The question is his bottom element is very noisy like loud noisy , I was wondering if any of you had this issue before ? he read online that it may be a sediment issue so he draining down the tank to have a look .. I have ever ran across this issue before and was wondering what it may be..

Thx Lifer..


----------



## easttexasplumb (Oct 13, 2010)

Sediment can sound really noisy sometimes like a pop corn machine. I would think that the element would be up pretty high on a elect W.H.


----------



## user2090 (Sep 26, 2009)

In a normal heater the bottom element does 2/3rds of the heating, and of course is closer to the bottom of the tank, where sediment can build-up. 

It is quite common here to have that problem, due to our water conditions. Draining the heater will do little to get the crap off the element. I recommend draining it, and scraping out what he can, then installing a new element with the special sheathing to protect it, and extend its life.


----------



## OldSchool (Jan 30, 2010)

Lifer said:


> Hey all ,
> My friend is running a 60gal hwt as a means of heating the in-floor in his garage ( we will be putting a electric wall hung in when it kicks the bucket) He is using a 60 gallon giant and *has the elements wired to come on at the same time *and the system has been in and working well for few years .
> 
> The question is his bottom element is very noisy like loud noisy , I was wondering if any of you had this issue before ? he read online that it may be a sediment issue so he draining down the tank to have a look .. I have ever ran across this issue before and was wondering what it may be..
> ...


*I hope he increased his wire size and breaker at the panel*.... because a normal electric hot water tank is designed to only have one element running at any one given time..... size of wire all depends on watts that element is rated at... 

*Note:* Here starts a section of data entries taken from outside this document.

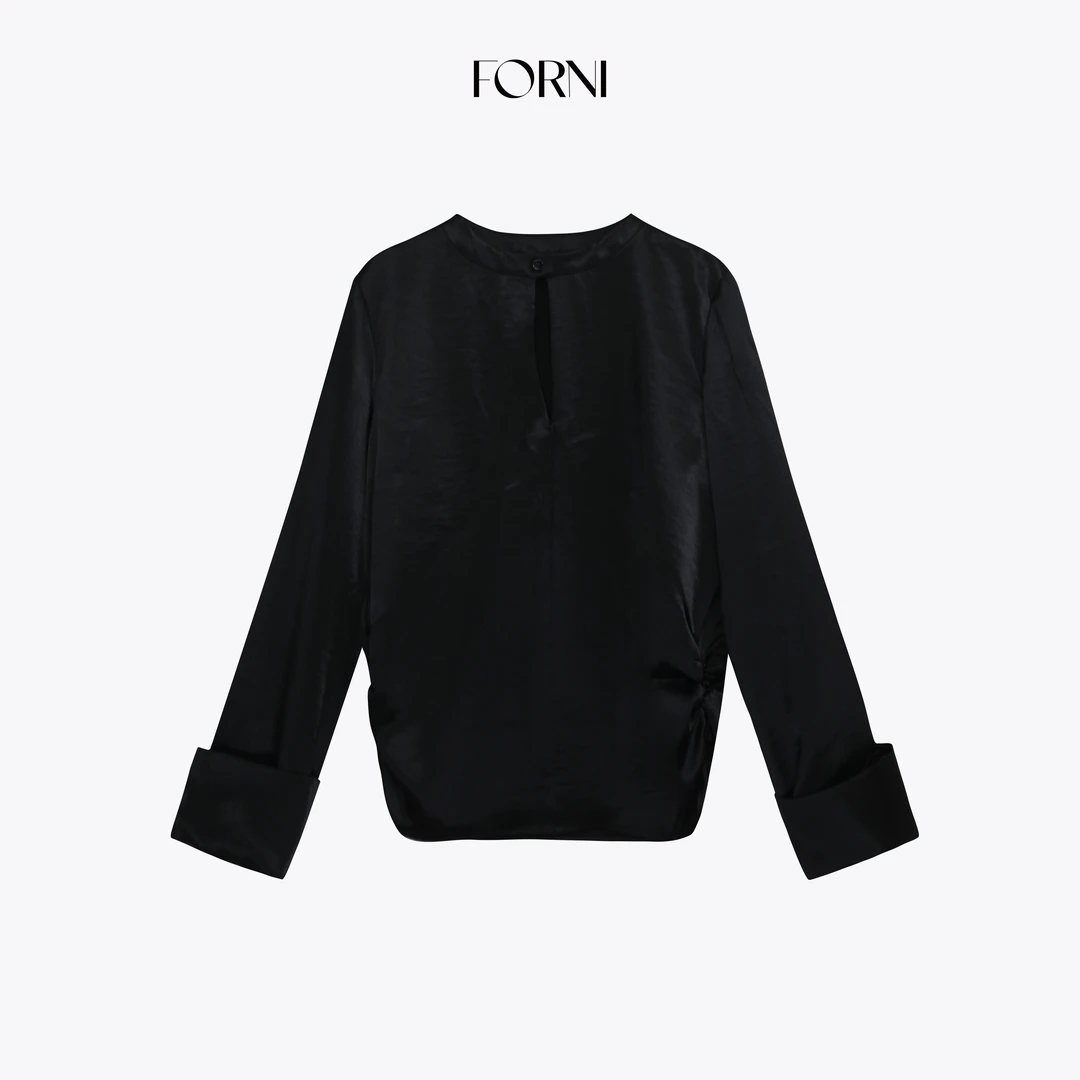 FORNI 通勤T台秀 品质通勤高智优雅镂空缎面捏褶衬衫2025秋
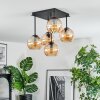 Koyoto Plafondlamp, Kogellampje Amber, 5-lichts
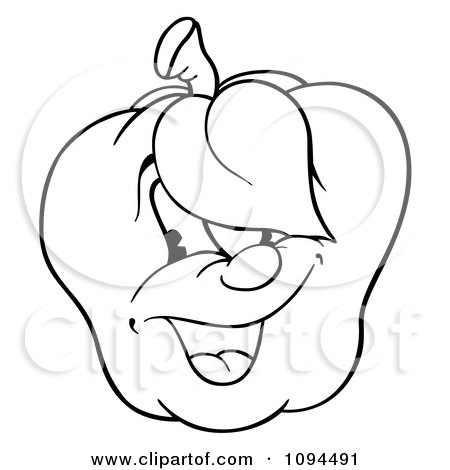 Clipart Outlined Apple Character Smiling - Royalty Free Vector Illustration by dero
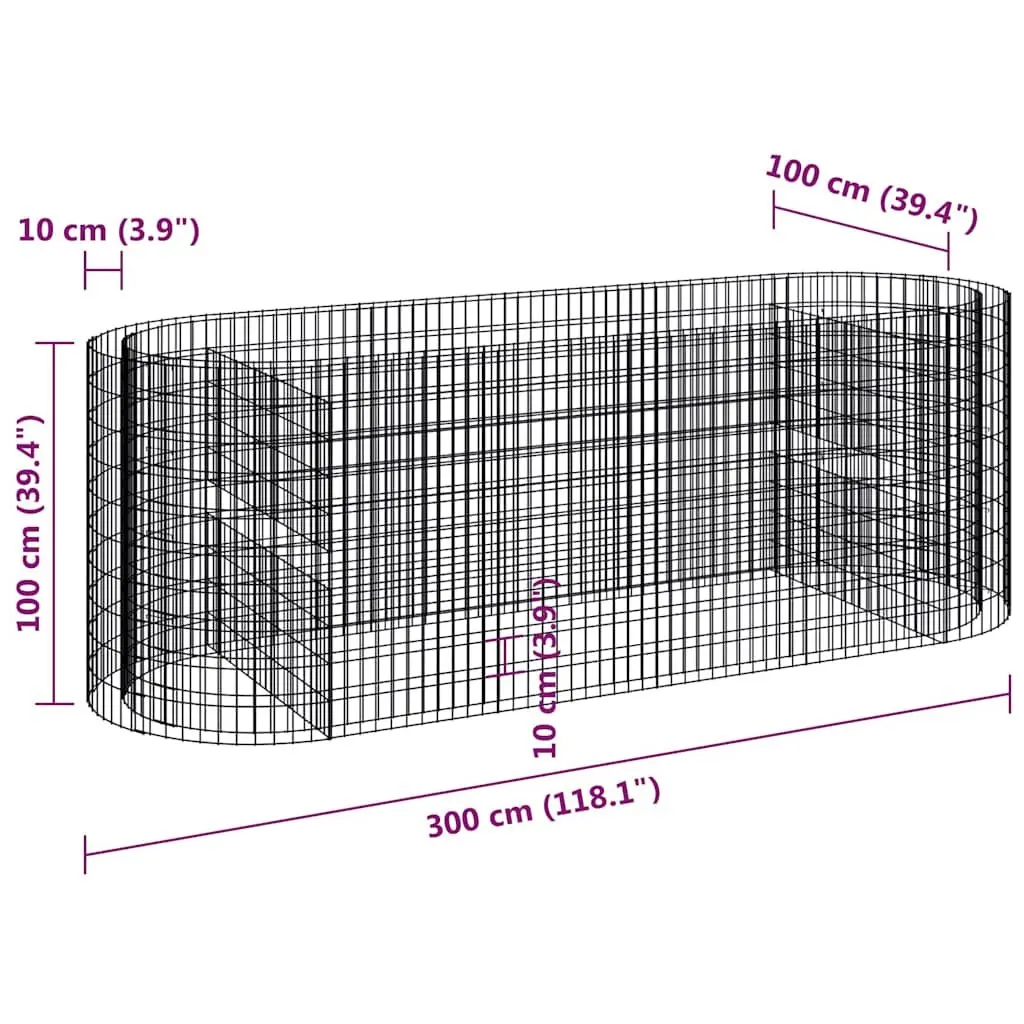 Galvanised Iron Gabion Raised Garden Bed Planter Border Silver 300x100x100cm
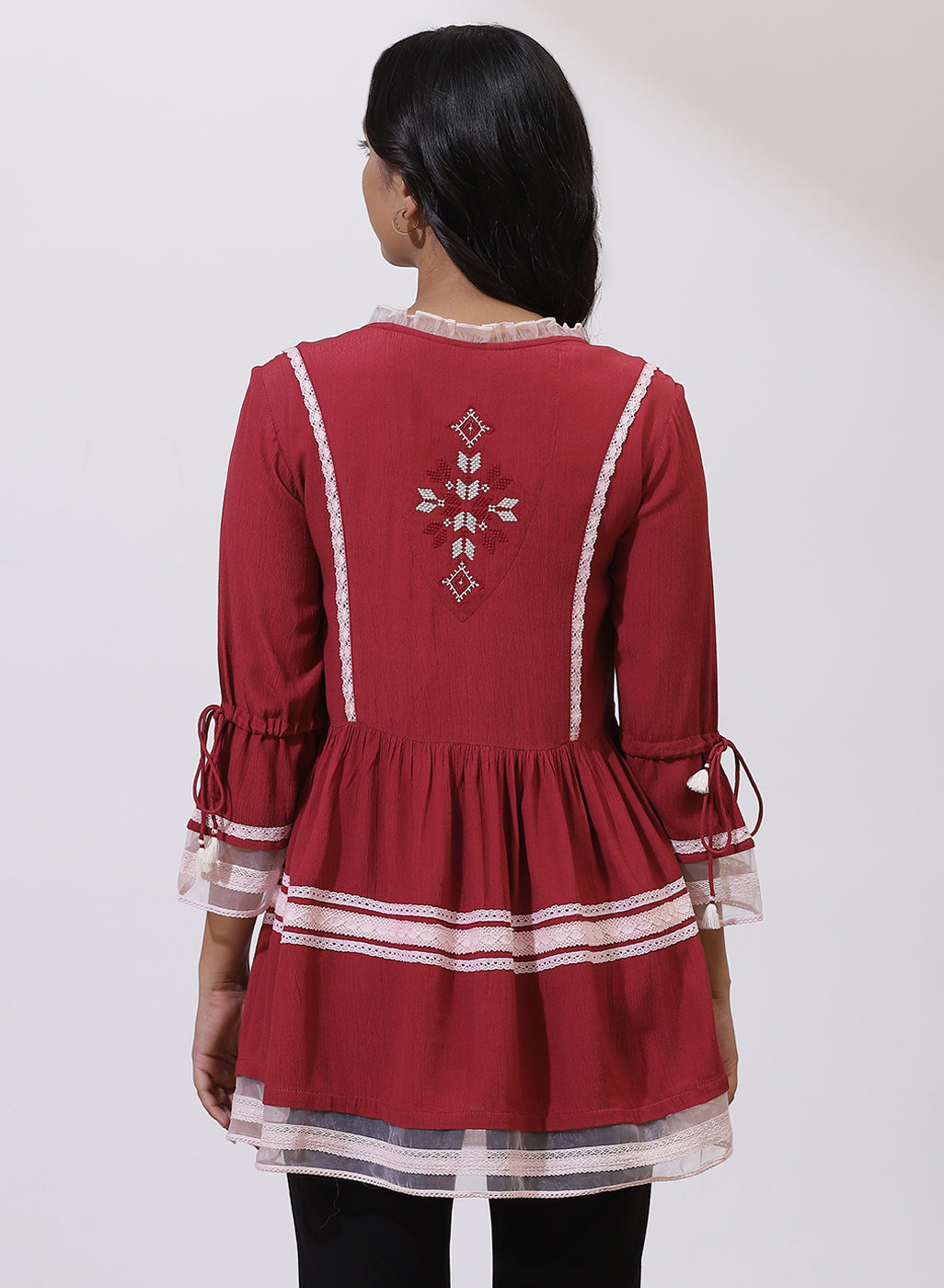 Red Tunic With Embroidery &amp; Lace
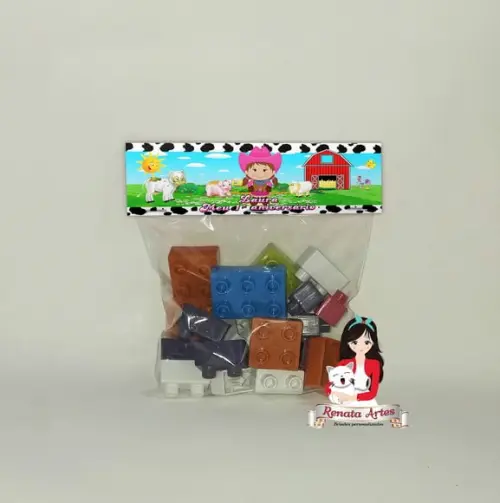 Blocos de Montar Personalizado Fazendinha Rosa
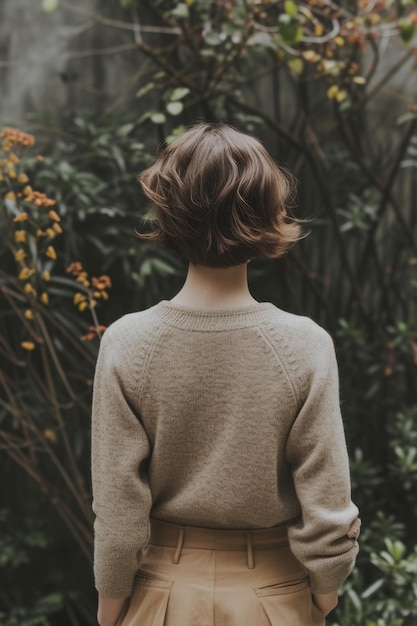 Woman standing in front of greenery looking away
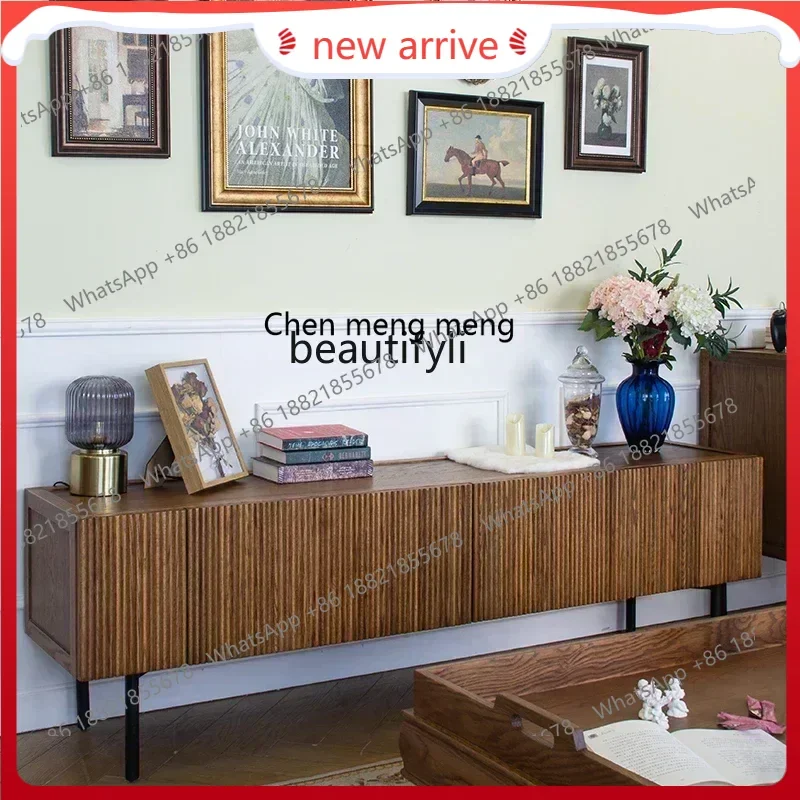 

SS new styleRetro light luxury solid wood TV cabinet, living room locker, organ pleated storage cabinet, home floorss 7486 ss 74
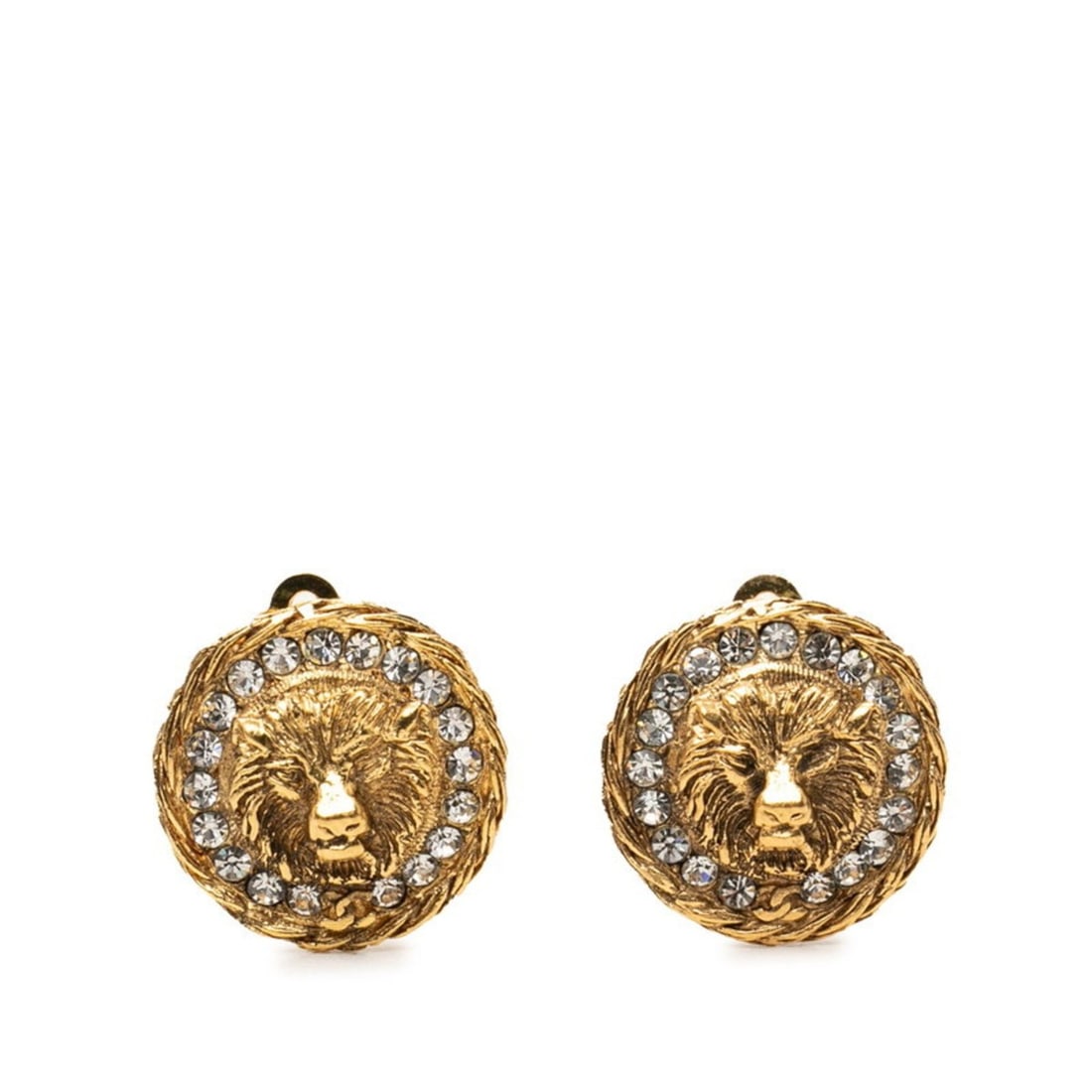 Chanel Coco Mark Lion Motif Earrings, Gold Plated Rhinestones, Women's CHANEL: --- Catalog ---Category: SizeSize (HxWxD): 23.70mm x 23.60mm / 0.93'' x 0.93''Category: DesignType: Clip earringsColor: GoldGender: WomenMaterial: RhinestoneCategory: GeneralBrand: Chanel--- Item List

watts = volts x amps or amps= watts / volts 

*two* 3500 watt elements [7000 watts] would draw 29 amps

as *two* 4500 watt elements [9000 watts] would draw 37.5 amps


----------



## Lifer (Nov 23, 2010)

Yes OldSchool , he did .. I forgot to mention he's an Electrician and a very good one , One of the smartest people i know.. Some good info there though < i would not have known that> .. 

Lifer...


----------



## Lifer (Nov 23, 2010)

*Update..*

So when he pulled the elements out he said it looked like something growing on them , and the tank had a ton of sediment in it ( used tank from unknown source and age) so he used his shop vac and sucked out all the gunk and cleaned up the elements and reinstalled them ( not worth replacing if he only has to do that a couple more times before we swap it out for a wall hung boiler) .. He said it worked like a charm.

Lifer...


----------